Ruth Moose is an award-winning mystery novelist for "Doing It at the Dixie Dew," to be published by Minotaur Books (St. Martin's Press) in May 2014. The novel won the Malice Domestic 2013 prize for best first traditional mystery novel.

Moose has published three collections of short stories, six poetry collections, and taught Creative Writing at UNC-Chapel Hill for fifteen years. Moose published individual short stories in Atlantic, Alaska Review, North American Review, scores of other literary magazines and in places like Redbook, Good Housekeeping, Ladies Home Journal, etc. and also abroad in the UK, Holland, Germany, Denmark, and South Africa. Her poetry has been included in anthologies and won, among other awards, the Carl Sandburg Prize from the National Park Service.

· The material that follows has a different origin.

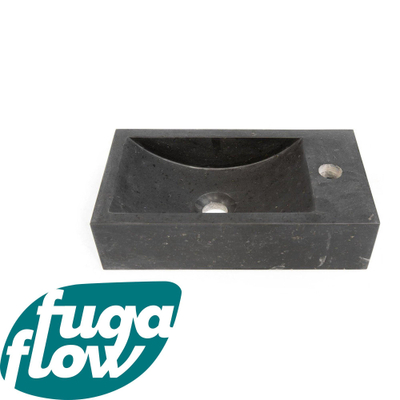 FugaFlow Efficiente Arredo Fontein 22x40x10cm - natuursteen donker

She's received a McDowell Fellowship and the Chapman Fellowship for Excellence in Teaching. Her short stories have been included in classes at the University of Denmark, Odense Denmark.

"Southern to the core" (in her words) , she lived for many years in the Uwharrie Mountains in North Carolina where she and her artist husband designed and built a house on a 900 acre mountain. (They only owned 3 acres) The area was known for rocks and rattlesnakes.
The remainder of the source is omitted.